_Work to complete_:
Everything from the line containing "Malakit Taşlı 108li" through the final line below must be output exactly, both ends included, with nothing else and no pictures.

-- Given information follows --

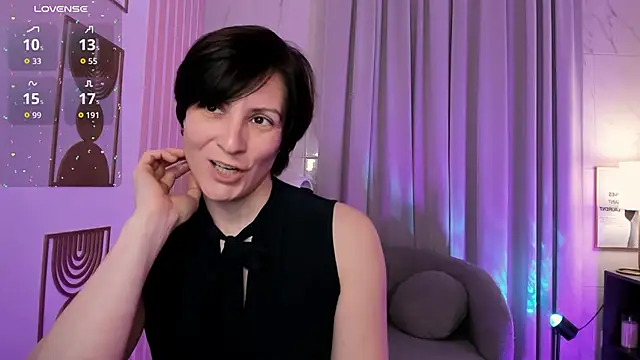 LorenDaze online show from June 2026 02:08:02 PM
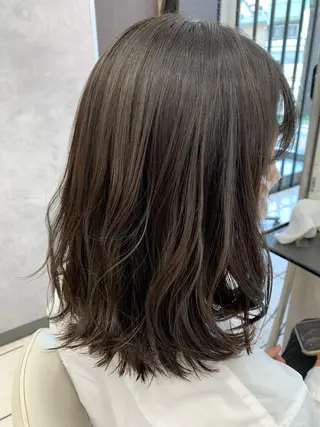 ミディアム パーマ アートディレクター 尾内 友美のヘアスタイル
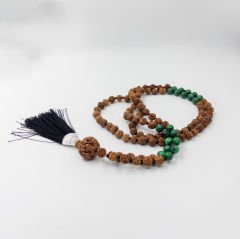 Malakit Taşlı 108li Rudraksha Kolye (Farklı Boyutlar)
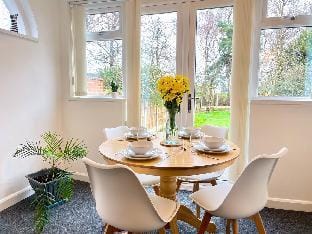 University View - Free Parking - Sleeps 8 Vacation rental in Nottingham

-- Given information concluded --

_Exercise answer_:
 Malakit Taşlı 108li Rudraksha Kolye (Farklı Boyutlar)
 University View - Free Parking - Sleeps 8 Vacation rental in Nottingham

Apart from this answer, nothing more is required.